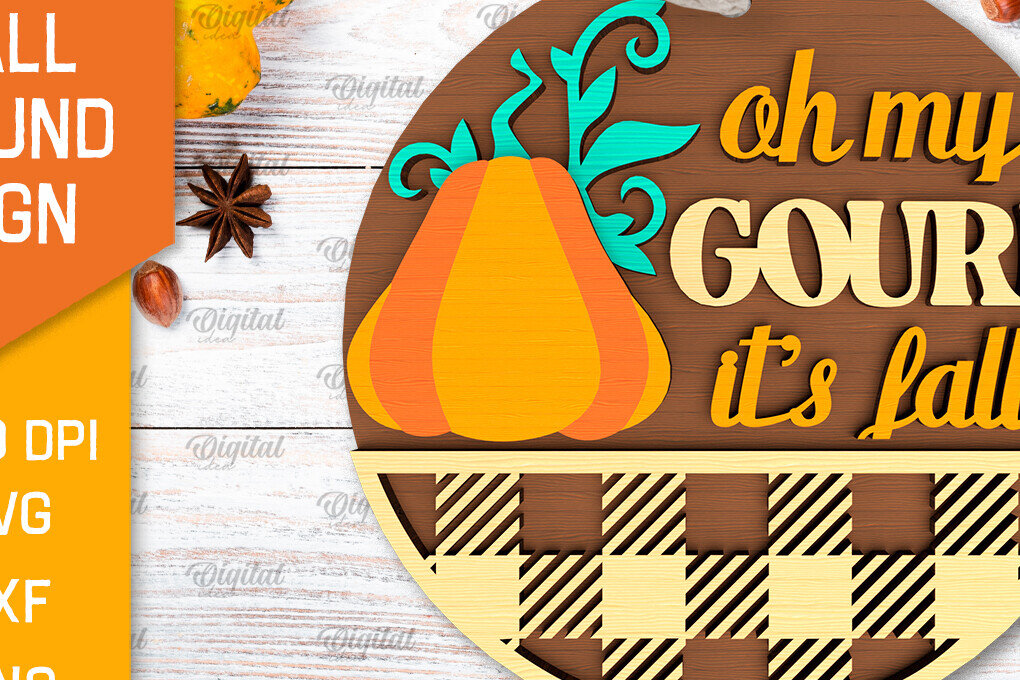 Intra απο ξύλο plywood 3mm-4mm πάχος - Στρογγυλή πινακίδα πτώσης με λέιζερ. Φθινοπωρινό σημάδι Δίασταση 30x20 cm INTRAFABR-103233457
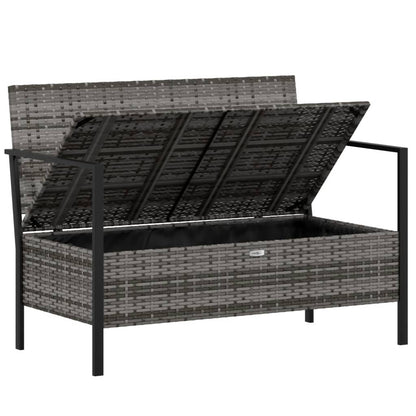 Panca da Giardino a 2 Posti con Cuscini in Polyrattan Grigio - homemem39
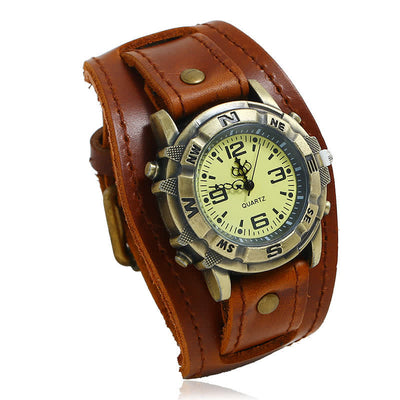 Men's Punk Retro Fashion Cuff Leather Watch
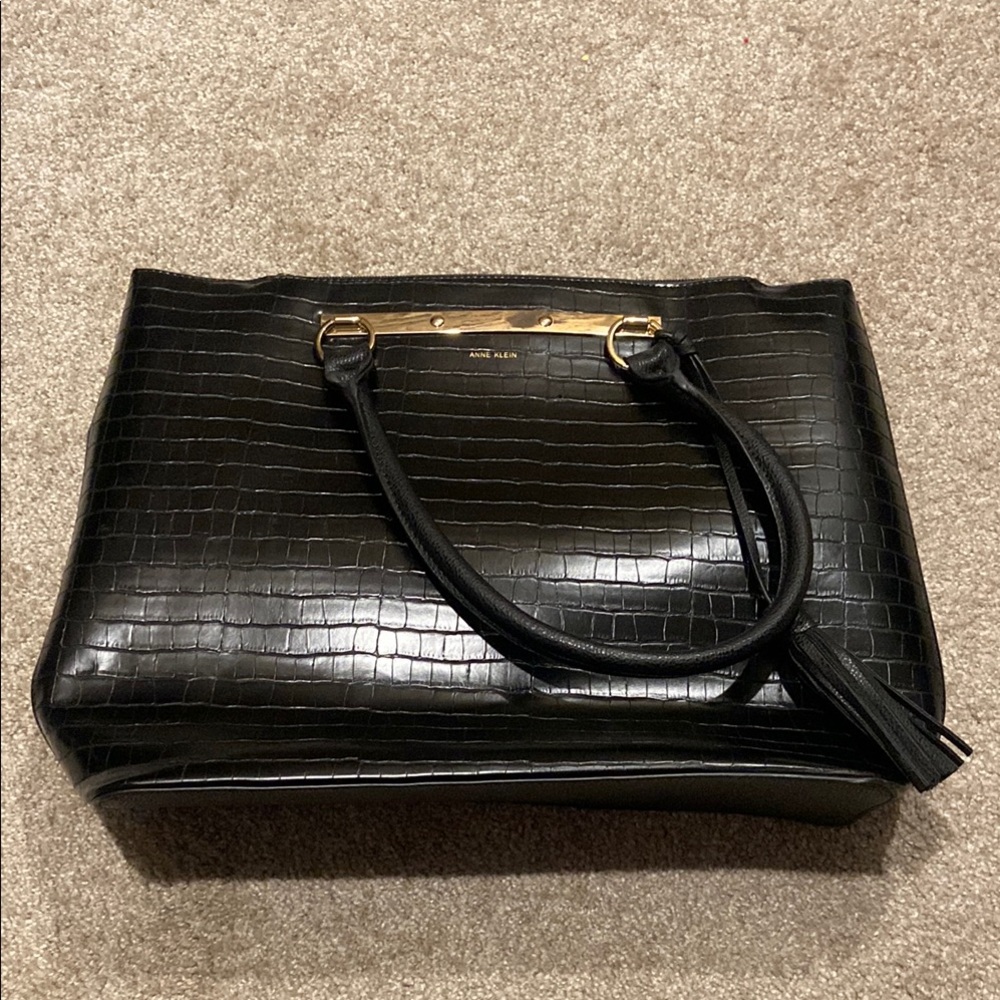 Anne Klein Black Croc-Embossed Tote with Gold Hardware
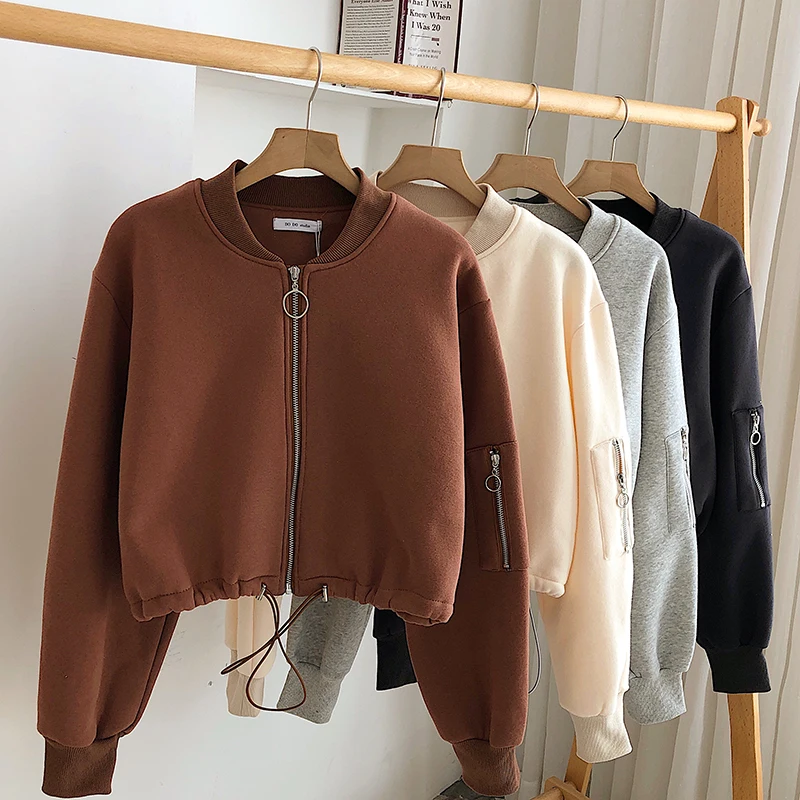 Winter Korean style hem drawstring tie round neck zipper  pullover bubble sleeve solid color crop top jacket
::::::::::
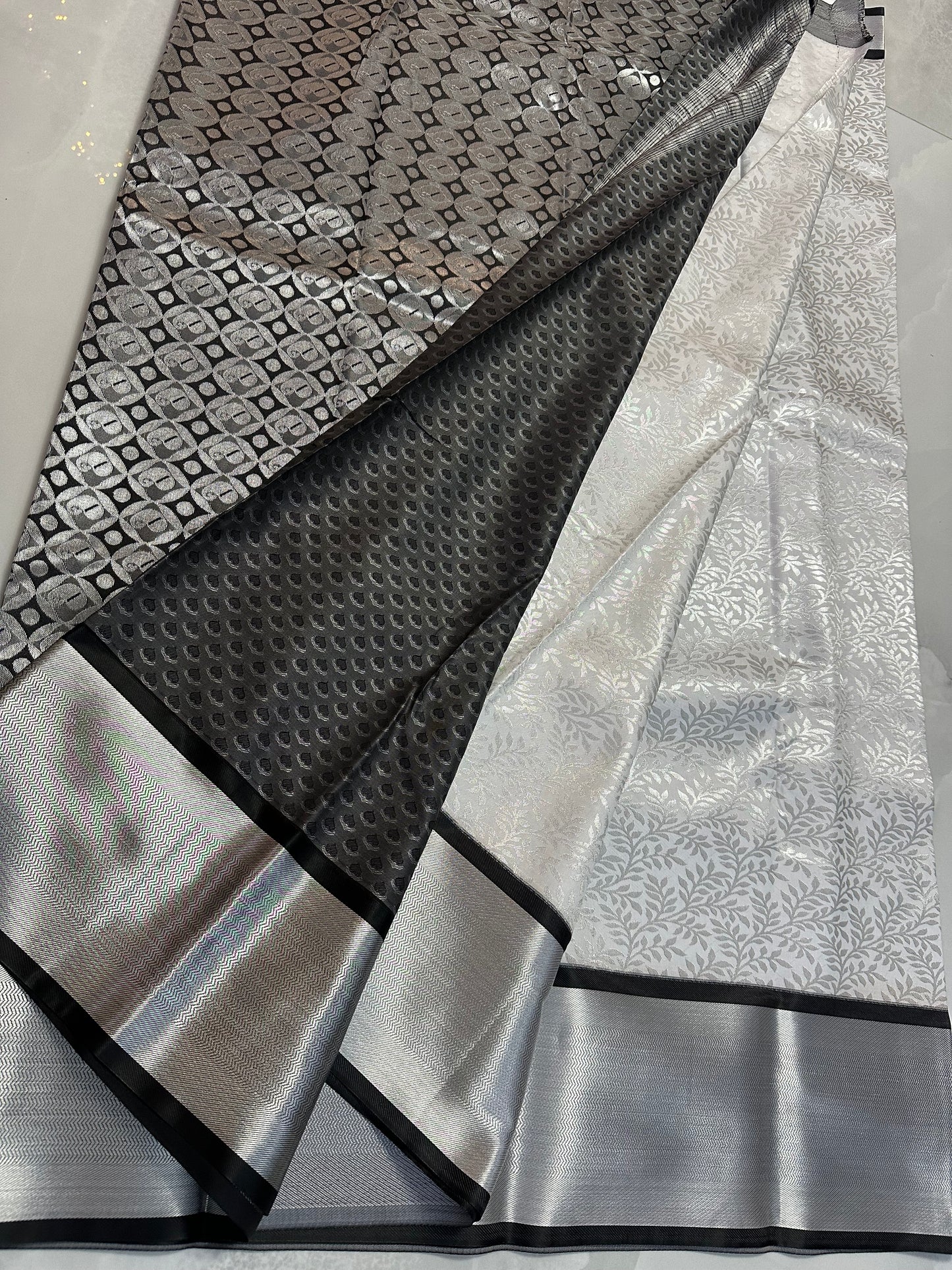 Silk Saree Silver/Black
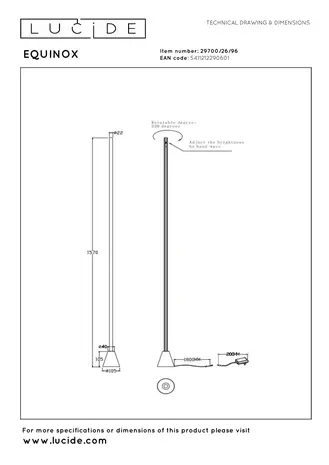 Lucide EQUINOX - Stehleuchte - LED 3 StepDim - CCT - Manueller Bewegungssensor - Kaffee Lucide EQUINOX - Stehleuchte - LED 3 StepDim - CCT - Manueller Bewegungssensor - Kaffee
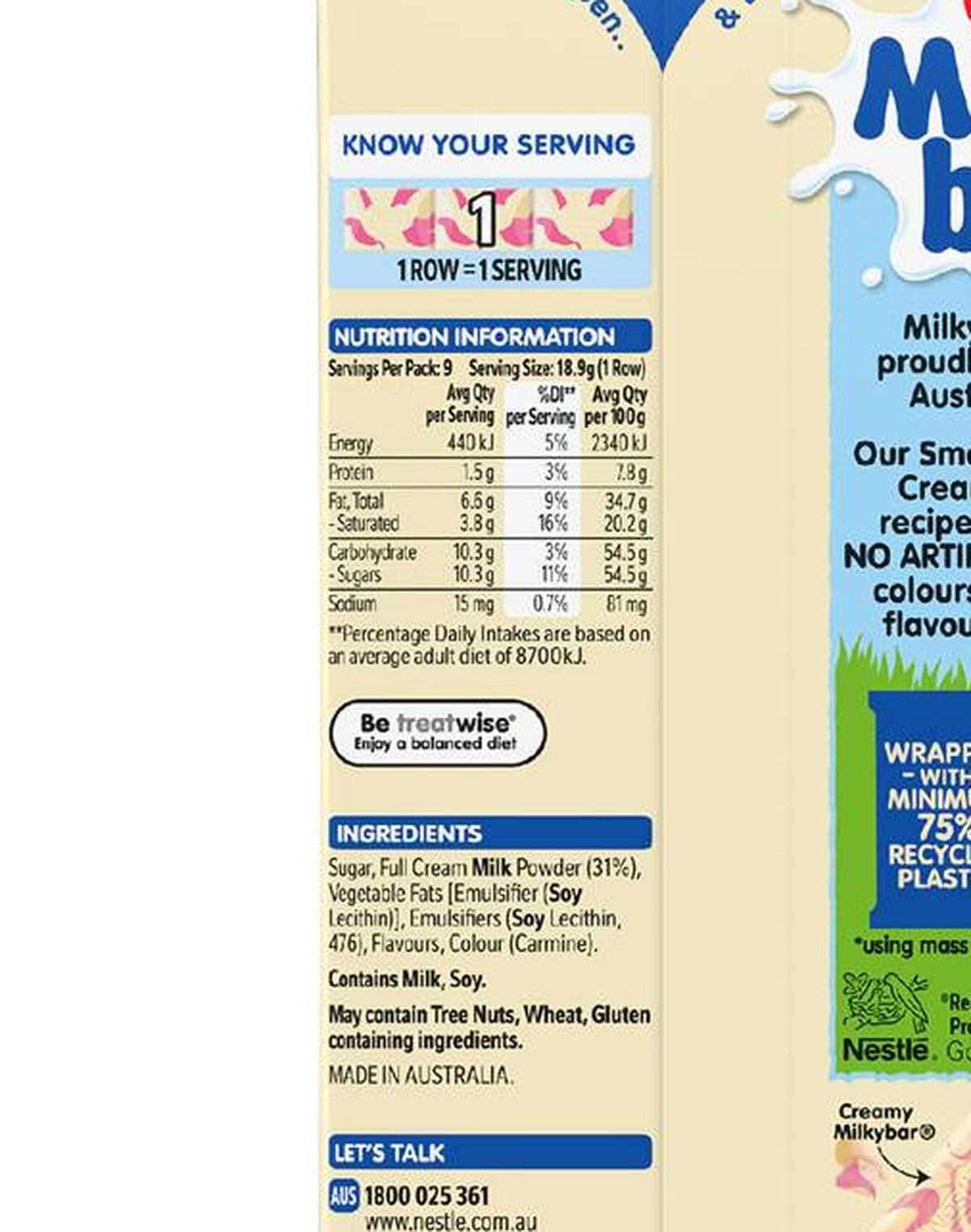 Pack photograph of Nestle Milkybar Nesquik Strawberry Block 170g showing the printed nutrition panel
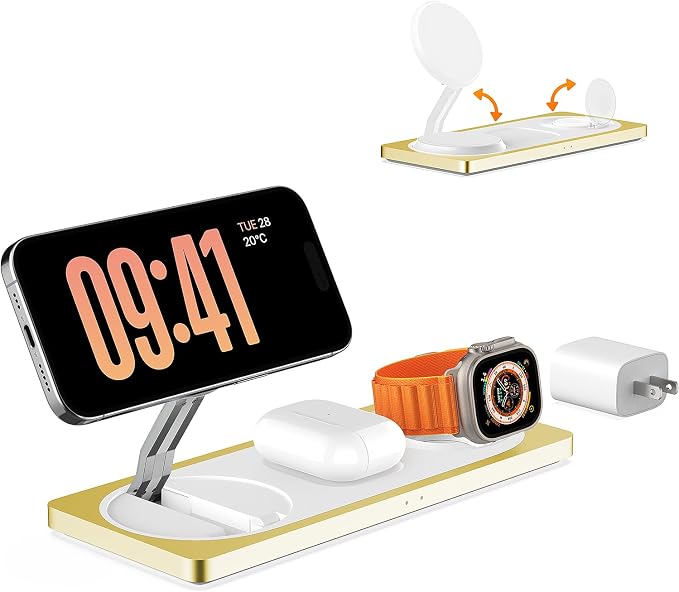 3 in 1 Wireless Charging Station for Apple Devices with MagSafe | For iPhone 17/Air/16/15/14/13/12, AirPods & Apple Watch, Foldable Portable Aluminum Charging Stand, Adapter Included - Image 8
::::::::::
* TASK: An exact copy of the lines above from the one with "Intra απο ξύλο" up to and including the one with "Winter Korean style" is required; reproduce only those lines, omitting all pictures.

* ANSWER SECTION:
 Intra απο ξύλο plywood 3mm-4mm πάχος - Στρογγυλή πινακίδα πτώσης με λέιζερ. Φθινοπωρινό σημάδι Δίασταση 30x20 cm INTRAFABR-103233457
 Panca da Giardino a 2 Posti con Cuscini in Polyrattan Grigio - homemem39
 Men's Punk Retro Fashion Cuff Leather Watch
 Anne Klein Black Croc-Embossed Tote with Gold Hardware
 Winter Korean style hem drawstring tie round neck zipper  pullover bubble sleeve solid color crop top jacket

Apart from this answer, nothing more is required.